Coherence as a resource for source-independent quantum random-number generation

Measuring quantum states provides a means to generate genuine random numbers. It has been shown that genuine randomness can be obtained even with an uncharacterized source by measuring two incompatible bases [Phys. Rev. X 6, 011020 (2016)]. As coherence is the necessary source for generating randomness, we extend the scheme and propose a framework for quantum random number generation with general uncharacterized coherence resource. The previous scheme can be treated as a special case under the framework by considering a nonlinear uncertainty-relation-based coherence witness.
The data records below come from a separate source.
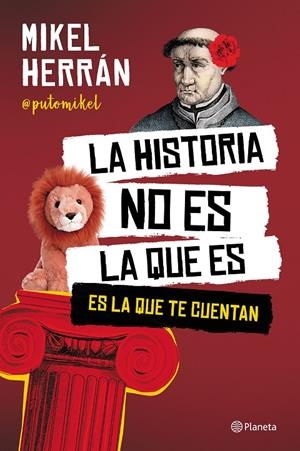 La historia no es la que es | 9788408249207 | Herrán, Mikel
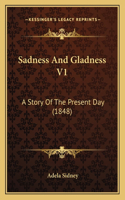 Sadness And Gladness V1: A Story Of The Present Day (1848)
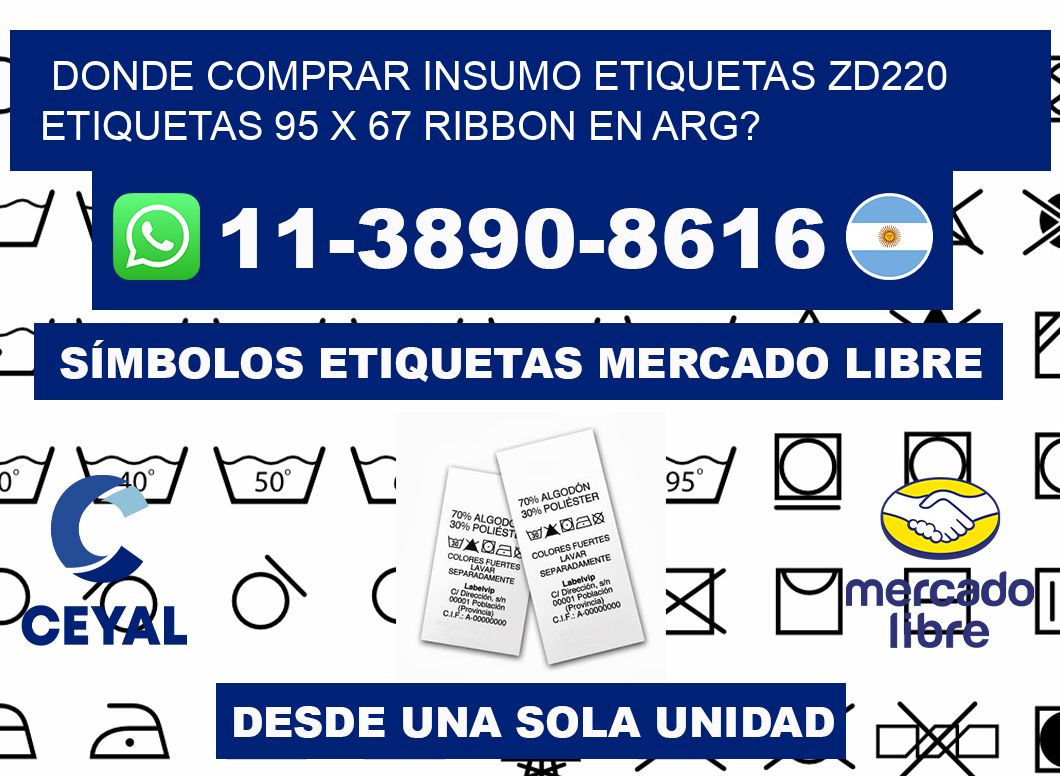 donde comprar insumo etiquetas zd220 etiquetas 95 x 67 ribbon en ARG?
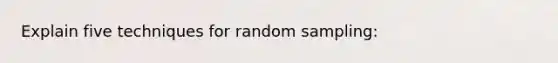 Explain five techniques for random sampling:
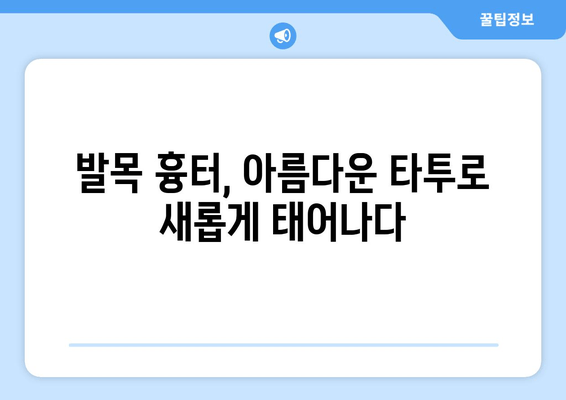 발목 흉터를 감추는 매력적인 타투 아이디어 10가지 | 흉터 커버업 타투, 발목 타투 디자인, 흉터 가리기 타투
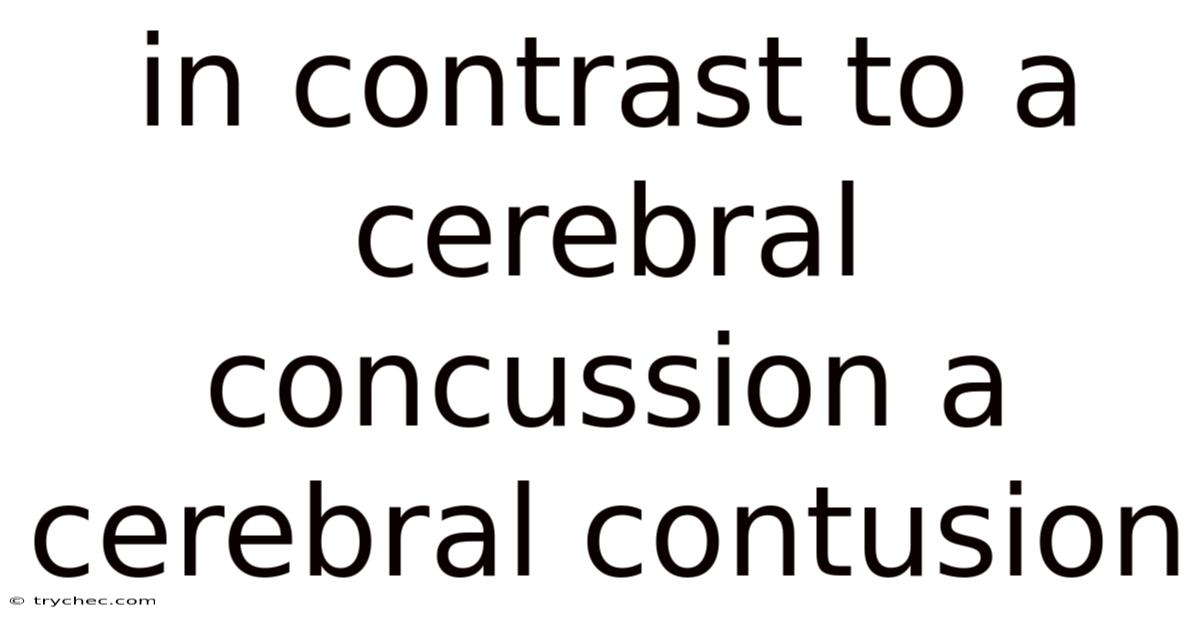 In Contrast To A Cerebral Concussion A Cerebral Contusion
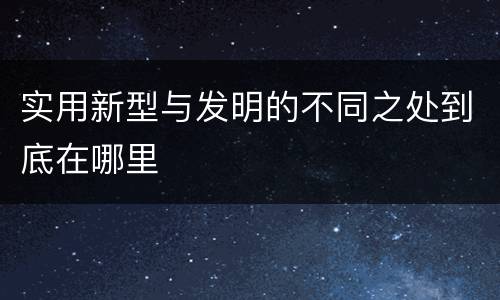 实用新型与发明的不同之处到底在哪里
Considering general coherence witnesses, we propose a source-independent random-number generation scheme that achieves a higher randomness generation rate. Our paper highlights the close relation between coherence and random-number generation and may shed light on designing general semi-device-independent quantum information processing protocols.

Figure 1

A quantum random-number generator can be generally decomposed into two parts: source and measurement.

Figure 2

Source-independent quantum random-number generator. The squashing model is applied to transform the input states into qubits and vacuum states. Then, a basis is chosen to measure the squashed qubits. The dashed line on the measurement side denotes that, in some schemes [11], initial random bits are needed to choose the measurement basis randomly. Note that, in some other schemes [12], a beam splitter is used to randomly select the measurement basis, which, of course, might raise the question why one should trust a beam splitter. Such kinds of discussions appeared in Ref. [11].

Figure 3

Comparison of the randomness generation rates with an input qubit state ${\rho }_A=\frac{\mathrm{I}+x{\sigma }_x+y{\sigma }_y}{2}$ with $N\to \infty ,q_z=1,\beta =1$. (a) The lower surface describes the randomness generation rate for the uncertainty-relation-based scheme $r_u$ as shown in Eq. (26), whereas the upper surface describes the randomness generation rate for the tomography-based scheme $r_t$ as shown in Eq. (27). (b) Illustration of the gap between the two schemes $r_t-r_u\ge 0$.

Figure 4

Randomness generation rate vs intensity $\mu$ with various depolarization parameters $p$. The optimal $\mu$ for $p=0$, 0.1, and 0.3 are $\mu =1.4$, 0.9, and 0.5, respectively.

Figure 5

The performance of the tomography-based SIQRNG by optimizing the basis selection parameter $q$ where we pick $p=0.1$ and have the intensity parameter $\mu$ optimized. (a) shows the optimal value of $q$ vs the number of pulses $N$. (b) illustrates the randomness generate rate $R_t^{\varepsilon }/N$ vs the number of pulses $N$.